[X86] Split WriteVecIMul/WriteVecPMULLD/WriteMPSAD/WritePSADBW into XMM and YMM/ZMM scheduler classes

Also retagged VDBPSADBW instructions as SchedWritePSADBW instead of SchedWriteVecIMul which matches the behaviour on SkylakeServer (the only thing that supports it...)

llvm-svn: 331445
diff --git a/llvm/lib/Target/X86/X86SchedBroadwell.td b/llvm/lib/Target/X86/X86SchedBroadwell.td
index ee29d63..a1b6a74 100755
--- a/llvm/lib/Target/X86/X86SchedBroadwell.td
+++ b/llvm/lib/Target/X86/X86SchedBroadwell.td
@@ -203,8 +203,10 @@
 defm : BWWriteResPair<WriteVecLogic, [BWPort015], 1, [1], 1, 5>; // Vector integer and/or/xor.
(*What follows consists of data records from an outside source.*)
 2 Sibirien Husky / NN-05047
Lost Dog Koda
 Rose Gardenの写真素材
 defm : BWWriteResPair<WriteVecLogicY,[BWPort015], 1, [1], 1, 6>; // Vector integer and/or/xor (YMM/ZMM).
 defm : BWWriteResPair<WriteVecShift, [BWPort0],  1>; // Vector integer shifts.
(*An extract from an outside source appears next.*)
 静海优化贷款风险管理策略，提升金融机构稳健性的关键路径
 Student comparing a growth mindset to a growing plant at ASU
-defm : BWWriteResPair<WriteVecIMul,  [BWPort0],   5>; // Vector integer multiply.
-defm : BWWriteResPair<WritePMULLD,   [BWPort0], 10, [2], 2, 5>; // PMULLD
+defm : BWWriteResPair<WriteVecIMul,  [BWPort0],  5, [1], 1, 5>; // Vector integer multiply.
+defm : BWWriteResPair<WriteVecIMulY, [BWPort0],  5, [1], 1, 6>; // Vector integer multiply.
+defm : BWWriteResPair<WritePMULLD,   [BWPort0], 10, [2], 2, 5>; // Vector PMULLD.
+defm : BWWriteResPair<WritePMULLDY,  [BWPort0], 10, [2], 2, 6>; // Vector PMULLD (YMM/ZMM).
 defm : BWWriteResPair<WriteShuffle,  [BWPort5], 1, [1], 1, 5>; // Vector shuffles.
 defm : BWWriteResPair<WriteShuffleY, [BWPort5], 1, [1], 1, 6>; // Vector shuffles (YMM/ZMM).
 defm : BWWriteResPair<WriteVarShuffle, [BWPort5], 1, [1], 1, 5>; // Vector variable shuffles.
@@ -214,8 +216,10 @@
 defm : BWWriteResPair<WriteVarBlend,  [BWPort5], 2, [2], 2, 5>; // Vector variable blends.
 defm : BWWriteResPair<WriteVarBlendY, [BWPort5], 2, [2], 2, 6>; // Vector variable blends (YMM/ZMM).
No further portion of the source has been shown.